时序数据在写入时，会先写入到上面介绍的WAL,然后写入到Cache,最后按照一定的策略Flush到磁盘文件。现在我们来介绍这个Cache。
这个Cache里缓存的是什么呢？
这个Cache用什么结构来作内存存储？
我们下面来一一解答这些问题：

Entry

既然是Cache，那肯定是key-value结构，其中的key是series key + field name, 对应的value就是这个key所对应的若干个field value的集合，也就组合成了一个entry,我们来看下entry的定义:

type entry struct {
    mu     sync.RWMutex
    values Values // All stored values.

    // The type of values stored. Read only so doesn't need to be protected by
    // mu.
    vtype byte
}

由这个定义我们可知，同一个entry里面的所有value的类型都是相同的，都是这个 vtype里所保存的类型。

Entry的创建：使用[]Value来创建，比较简单，但需要先判断这组value的类型是否一致

func newEntryValues(values []Value) (*entry, error) {
    e := &entry{}
    e.values = make(Values, 0, len(values))
    e.values = append(e.values, values...)

    // No values, don't check types and ordering
    if len(values) == 0 {
        return e, nil
    }

    // 个人感觉应该先校验这组value的类型是否一致，不一致就不要作上面的make, append了。
    et := valueType(values[0])
    for _, v := range values {
        // Make sure all the values are the same type
        if et != valueType(v) {
            return nil, tsdb.ErrFieldTypeConflict
        }
    }

    // Set the type of values stored.
    e.vtype = et

    return e, nil
}

Entry的add操作：和上面的创建类似，需要先判断这组value的类型是否一致
Entry的去重操作，去掉Values中时间戳相同的value,只保留其中的一个

func (e *entry) deduplicate() {
    e.mu.Lock()
    defer e.mu.Unlock()

    if len(e.values) <= 1 {
        return
    }
    e.values = e.values.Deduplicate()
}

实际上是调用了Values.Deduplicate，这个Values提供了若干实用的方法，比如去掉，过滤等。

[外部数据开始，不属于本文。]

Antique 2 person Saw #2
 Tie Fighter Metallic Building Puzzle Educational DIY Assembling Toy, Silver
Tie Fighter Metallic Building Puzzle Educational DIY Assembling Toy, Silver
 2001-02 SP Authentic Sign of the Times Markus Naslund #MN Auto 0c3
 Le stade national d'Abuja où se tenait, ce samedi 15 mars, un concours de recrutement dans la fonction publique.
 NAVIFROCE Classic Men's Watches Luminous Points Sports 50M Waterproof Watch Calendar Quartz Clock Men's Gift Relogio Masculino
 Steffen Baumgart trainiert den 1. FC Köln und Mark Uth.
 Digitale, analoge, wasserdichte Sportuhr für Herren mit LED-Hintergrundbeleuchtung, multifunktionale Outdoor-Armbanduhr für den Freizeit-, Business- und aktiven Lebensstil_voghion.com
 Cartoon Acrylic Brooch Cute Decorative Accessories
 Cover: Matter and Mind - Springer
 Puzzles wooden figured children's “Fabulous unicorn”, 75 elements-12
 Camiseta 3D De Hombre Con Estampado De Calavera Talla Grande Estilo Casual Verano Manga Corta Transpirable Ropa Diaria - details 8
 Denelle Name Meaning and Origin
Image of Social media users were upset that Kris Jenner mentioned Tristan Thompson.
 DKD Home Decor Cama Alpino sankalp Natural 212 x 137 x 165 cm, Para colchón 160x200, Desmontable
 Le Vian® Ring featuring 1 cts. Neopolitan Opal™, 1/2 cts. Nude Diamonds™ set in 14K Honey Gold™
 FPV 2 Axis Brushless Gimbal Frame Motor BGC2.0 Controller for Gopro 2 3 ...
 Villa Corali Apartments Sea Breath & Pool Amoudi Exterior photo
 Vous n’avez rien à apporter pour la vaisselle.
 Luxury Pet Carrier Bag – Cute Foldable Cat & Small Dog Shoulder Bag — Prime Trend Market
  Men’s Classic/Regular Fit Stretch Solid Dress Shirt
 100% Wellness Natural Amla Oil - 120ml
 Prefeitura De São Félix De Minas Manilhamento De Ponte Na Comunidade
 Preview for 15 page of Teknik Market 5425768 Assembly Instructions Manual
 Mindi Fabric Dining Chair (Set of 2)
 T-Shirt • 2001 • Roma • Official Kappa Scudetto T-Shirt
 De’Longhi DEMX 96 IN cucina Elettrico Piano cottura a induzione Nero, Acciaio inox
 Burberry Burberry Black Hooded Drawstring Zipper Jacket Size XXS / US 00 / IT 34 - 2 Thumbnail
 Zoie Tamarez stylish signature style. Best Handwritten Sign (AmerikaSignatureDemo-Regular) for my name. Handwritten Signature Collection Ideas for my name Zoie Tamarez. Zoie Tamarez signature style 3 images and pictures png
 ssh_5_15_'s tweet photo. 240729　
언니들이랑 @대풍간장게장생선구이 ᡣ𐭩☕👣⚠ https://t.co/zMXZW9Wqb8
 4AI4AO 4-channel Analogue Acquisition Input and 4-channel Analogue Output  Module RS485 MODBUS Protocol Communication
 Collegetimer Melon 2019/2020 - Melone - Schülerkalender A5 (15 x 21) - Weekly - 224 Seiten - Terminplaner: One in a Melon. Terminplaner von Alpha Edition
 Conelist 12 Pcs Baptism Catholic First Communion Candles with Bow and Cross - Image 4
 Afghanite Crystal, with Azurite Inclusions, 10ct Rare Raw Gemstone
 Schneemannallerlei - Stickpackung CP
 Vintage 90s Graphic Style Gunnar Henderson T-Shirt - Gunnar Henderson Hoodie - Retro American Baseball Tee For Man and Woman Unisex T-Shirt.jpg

Entry过滤：过滤掉在给定时间戳范围内的Value

func (e *entry) filter(min, max int64) {
    e.mu.Lock()
    if len(e.values) > 1 {
        e.values = e.values.Deduplicate()
    }
    e.values = e.values.Exclude(min, max)
    e.mu.Unlock()
}

实际上是调用了Values.Exclude

storer

上面解决了Cache存什么的问题，下面我们来解决怎么存的问题。这个存储器是storer,它是个interface,之前是实现了这个interface的struct都可以用来存Cache里的entry,我们先来看一下这个interface

type storer interface {
    entry(key []byte) *entry                        // Get an entry by its key.
    write(key []byte, values Values) (bool, error)  // Write an entry to the store.
    add(key []byte, entry *entry)                   // Add a new entry to the store.
    remove(key []byte)                              // Remove an entry from the store.
    keys(sorted bool) [][]byte                      // Return an optionally sorted slice of entry keys.
    apply(f func([]byte, *entry) error) error       // Apply f to all entries in the store in parallel.
    applySerial(f func([]byte, *entry) error) error // Apply f to all entries in serial.
    reset()                                         // Reset the store to an initial unused state.
    split(n int) []storer                           // Split splits the store into n stores
    count() int                                     // Count returns the number of keys in the store
}

注释很清晰，我们这里不累述。

那实际是用什么来存的呢？ influxdb里实现了ring,它实现了这个storer的所有接口,定义在tsdb/engine/tsm1/ring.go中。简单来说，一个ring内部分为若干个固定数量的桶，这里叫partition, 一个key进来后，按key作hash，对桶的数量取模，确定好要存在哪个桶里，然后每个桶其实又是一个map,最后也就是将key-value存在这个桶的map里。因为cache的添加，读取可能很频繁且都需要加锁，分桶后，各个桶单独加锁，提升性能。代码很简单，这里不详述了。